"You just take your app and put it in a container, then put that container in a pod, which is in a replica set with some other apps in their own containers, which is on a node in a cluster in a datacenter somewhere! Oh and the replica set is amongst a deployment. And if you want to talk to the outside world you'll need a sidecar with ngnix which is an app in a container in your pod. Or your deployment. But it's different than your app. Time to get kubectl and minikube installed..." People act like all these concepts are taught in beginner CS classes.
Kubernetes has some great attributes, but being simple isn't one. I feel sometimes that Google really pulled one on us, and this is just training people to treat the entire system as a black box, locking them in to services only top tier cloud companies have the expertise to provide and maintain reliably.
Only a few people need to know all the details. We have many developers that know absolutely nothing how this stuff works. They only know that they push code, and a container falls off the other side, which can even be installed automatically.
Also, you don't need sidecars. Add a k8s ingress, or even deploy a separate nginx that will do this for you (we use the second option). Developers do not care.

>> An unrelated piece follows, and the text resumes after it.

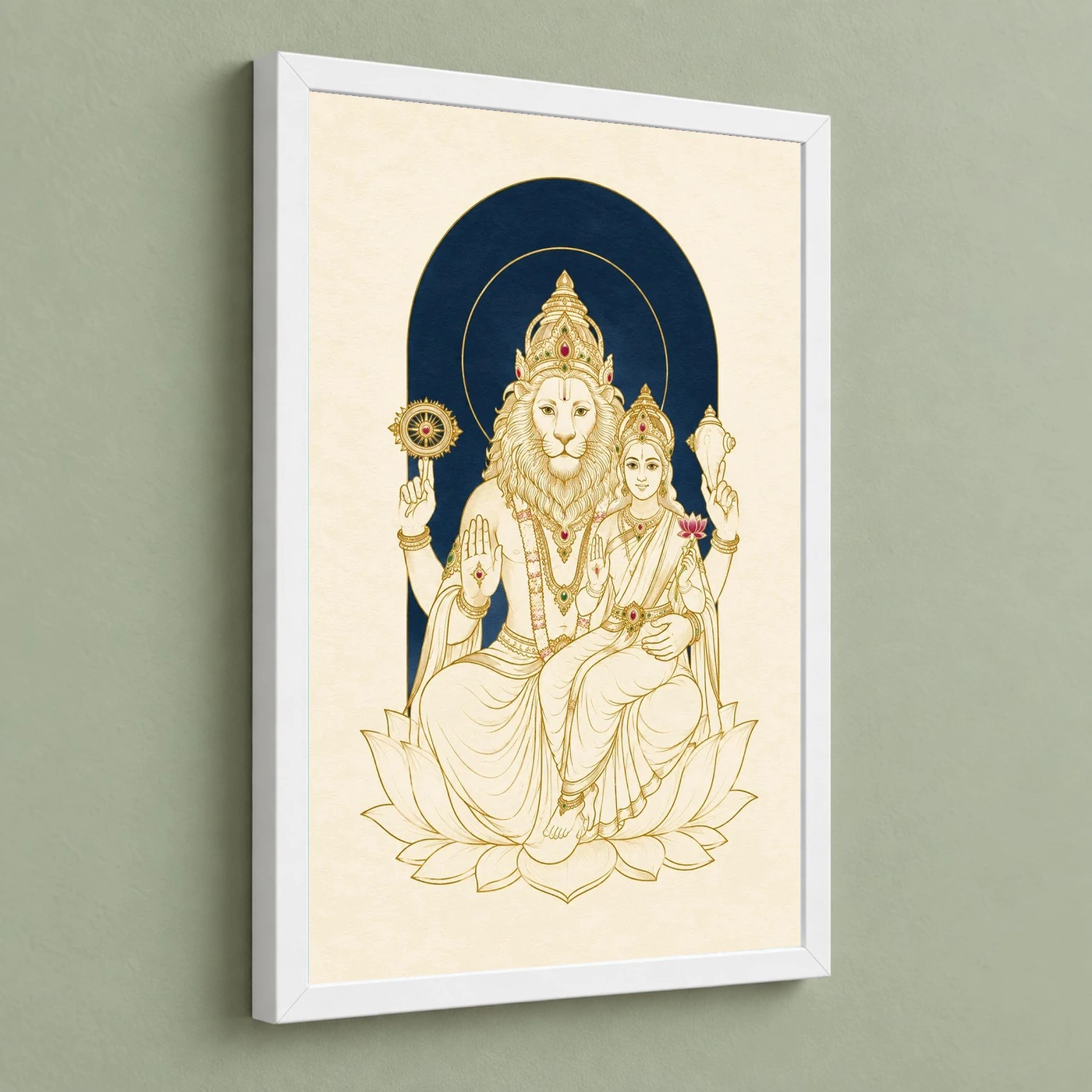 Lakshmi Narasimha — Modern Minimalist Frame, view 5
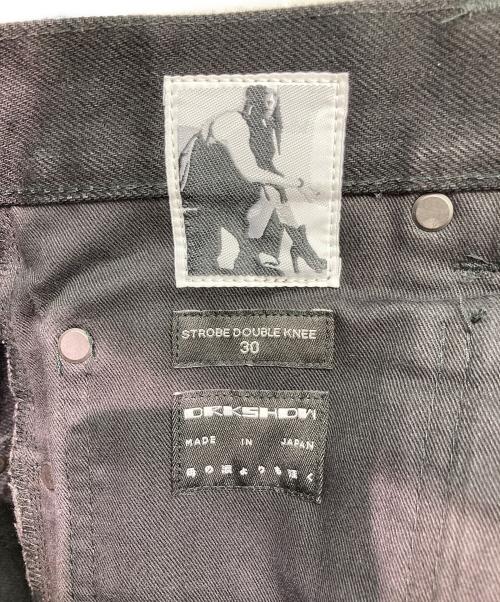 DRKSHDW（ダークシャドウ）DRKSHDW (ダークシャドウ) ストロボ ダブルニー ジーンズ ブラック サイズ:30の古着・服飾アイテム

I'm starting to think that minikube is an anti-pattern.
I think you’re overestimating complexity based on lack of familiarity.
You do not have to use CoreOS, you do not need PXE boot. That's one of the possible ways.
What you do need is a handful of containers, and an overlay network. Which, if you do not want to manage, you can sign up for something like Google Cloud and let them manage it for you.
Currently running a application on anything is always complex in any kind of sense.